The charity team building day – reality or urban myth?
Over the last few weeks I have heard a story several times that makes my heart sink. Before I start a rant on the topic, I want to check whether it is indeed a truth, something that happens frequently, or a one-off that has become an urban fundraising myth.
The story goes like this; on a dark and stormy night a local business gets in touch with their local charity because they want to help them; they want to make a difference in their community. They don’t have a budget for charitable donations, but they would like to help by volunteering their time. They have an idea of how they could do this. They suggest that they could paint a building or do some gardening and that would also give them the opportunity to work together as a team. They ask the charity if this would be possible.
The charity welcomes this enquiry and is thrilled to have the opportunity to work with this local company.
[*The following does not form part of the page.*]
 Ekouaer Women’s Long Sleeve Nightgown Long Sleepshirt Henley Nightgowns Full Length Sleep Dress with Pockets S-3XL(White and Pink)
They are delighted that the company thought to ask them.
However, there is a slight problem that there isn’t any painting that really needs doing, or any gardens that need attention. Rather than turn down an opportunity, or investigate whether there is something else that could be mutually beneficial, the charity creates painting and gardening opportunities, because there is an outside chance that this will lead to more support from the company in the future.
The highly skilled accountants, project managers, communications and marketing experts turn up on their allocated volunteering day to paint a shed that, unbeknown to them, doesn’t need painting and plant some shrubs and trees that don’t need planting.
Let’s assume that they had a good day, they built some rapport in their team, got to know each other better, felt good because they did something for the community and slapped each other on the back for their good work in the pub on the way home.
We hope they did have a good day, because the standard of painting work was so appalling, that the charity had to employ professional decorators to clear up the mess and a trained gardener to revive the shrubs and trees.
It’s not a surprising result, given that the teams skills are not painting and decorating, they are in strategic communications, accountancy and managing complex projects. Skills that the charity might have been able to deploy to greater effect if only they had been bold enough to ask.